As if this was not devastating enough, during the countless hours of preparing her to testify, the federal prosecutor took her to his hotel room where he repeatedly sexually abused her. He told her that if his sexual acts with her ever got out, the callous murderer who shot her would go free on a mistrial. It’s impossible to imagine the fear and trauma this caused to this young 16-year-old girl.
It seems almost every day there is another heartbreaking story about a child being sexually abused. Statistically it is reported that one in four girls and one in six boys are sexually abused before they turn 18 years of age. This is tragically unacceptable!
Fortunately, because of bills like HB277 (2015) and HB279 (2016), that I passed here in Utah, survivors of childhood sexual abuse are no longer limited artificially by time to bring the perpetrators of these heinous acts to justice. These bills eliminated the statute of limitations, and revived previously time barred claims, for sexual abuse of children.

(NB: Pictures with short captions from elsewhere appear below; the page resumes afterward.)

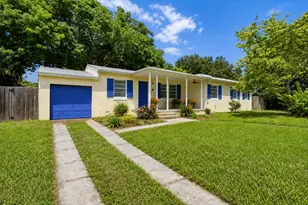 1054 Trinidad Ave, Fort Pierce, FL 34982 - Photo 1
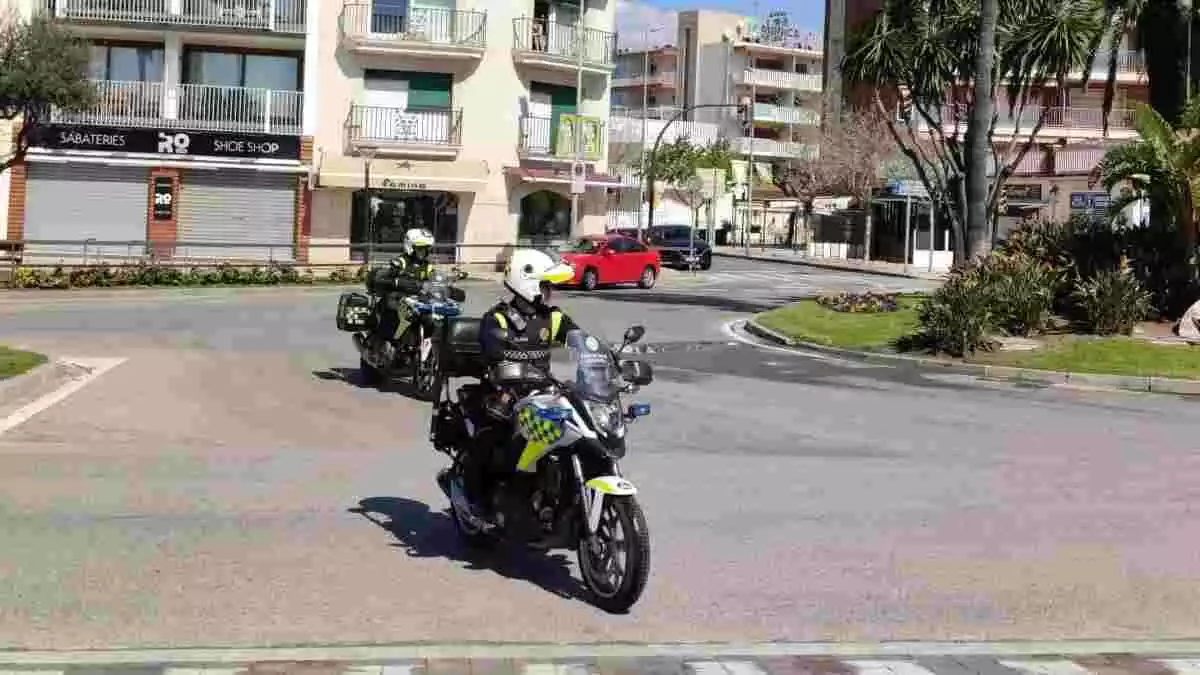 Dos agents de la Policia Local de Cambrils en moto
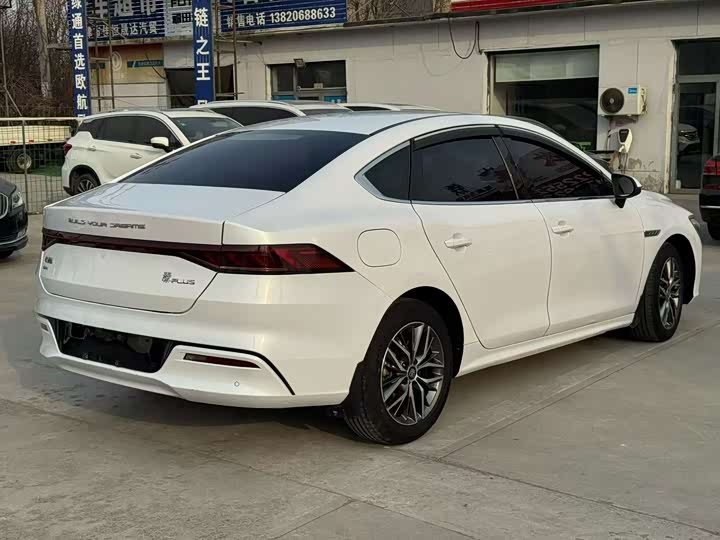 Фото 9 - BYD Qin Plus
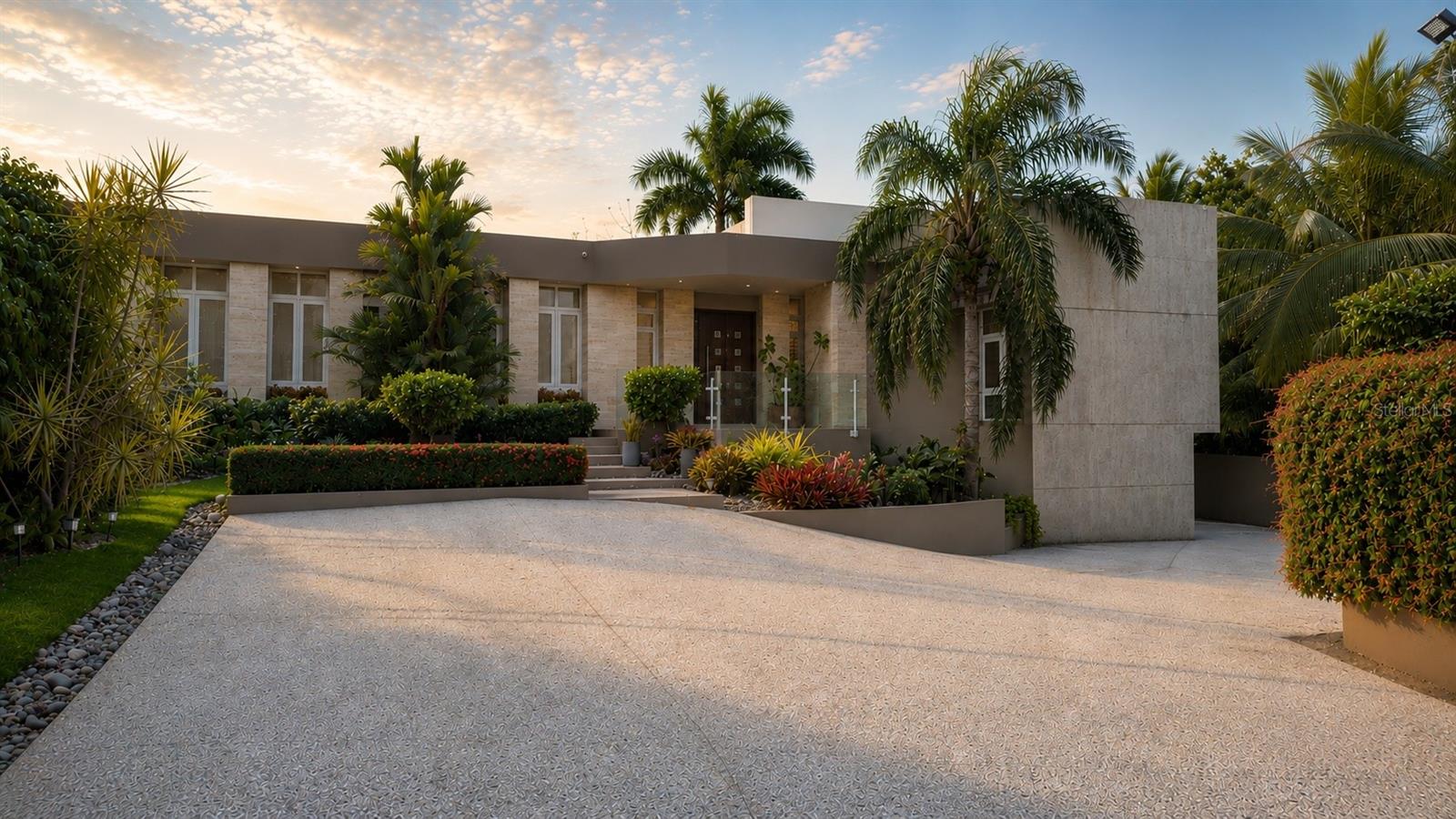 5 hab · 5 baños · GUAYNABO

Prior to HB277 and HB279, victims of childhood sexual abuse had four years from the time they turned 18 to bring a claim of childhood sexual abuse. We now know that this time limit was impossibly short for children who are conditioned through threats, fear and shame to remain silent – told by their predators, who are most often trusted adults in the lives, that “It’s bad to tell.” Watch this.

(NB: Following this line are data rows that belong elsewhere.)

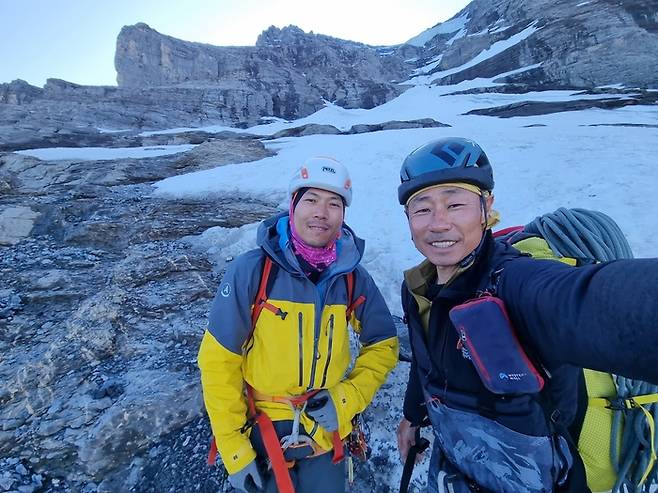 문성욱(오른쪽)·우석주 산악인이 알프스 6대 북벽 중 하나로 꼽히는 ‘스위스 아이거’에서 등반 전 사진 촬영을 하고 있다. <코오롱인더스트리>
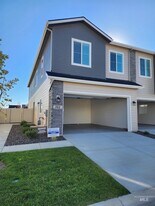 362 N Lagrasse Ln in Star, ID - Building Photo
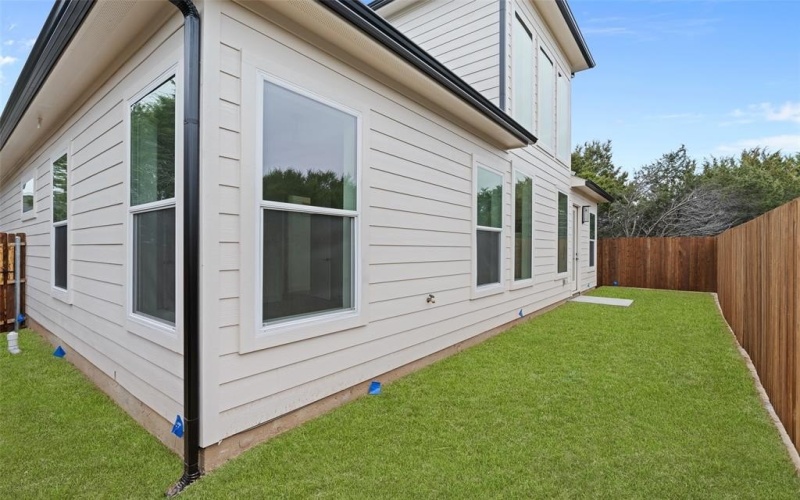 5634 Barkridge Drive, Granbury, TX 76048, 4 Bedrooms Bedrooms, ,3 BathroomsBathrooms,Residential,For Sale,5634 Barkridge Drive,20950763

Terry remained silent and terrified for years, convinced that no one would ever believe her. Many years later (after the unrealistically short four year statute of limitations had lapsed), Terry was finally able, as an adult, to face the shame and doubt of coming forward. The bills I passed give Terry the right to have her day in court against this abusive federal prosecutor later turned federal judge, and to let society know the danger of having this man on the federal bench.
This judge was recorded by phone admitting he had sex with his 16-year old star witness. He resigned from the bench the very day Terry’s complaint was filed. However, he is now challenging the laws I passed to protect childhood victims of sexual abuse. Terry’s case is defending these laws that afford the right for thousands of silenced victims of childhood sexual abuse to seek redress and hold sexual predators accountable so that other children may not be abused.
Thank heaven for Terry Mitchell who is courageously standing up so that other victims might take courage, and other would-be perpetrators might realize there is no “where” and no “when” to hide.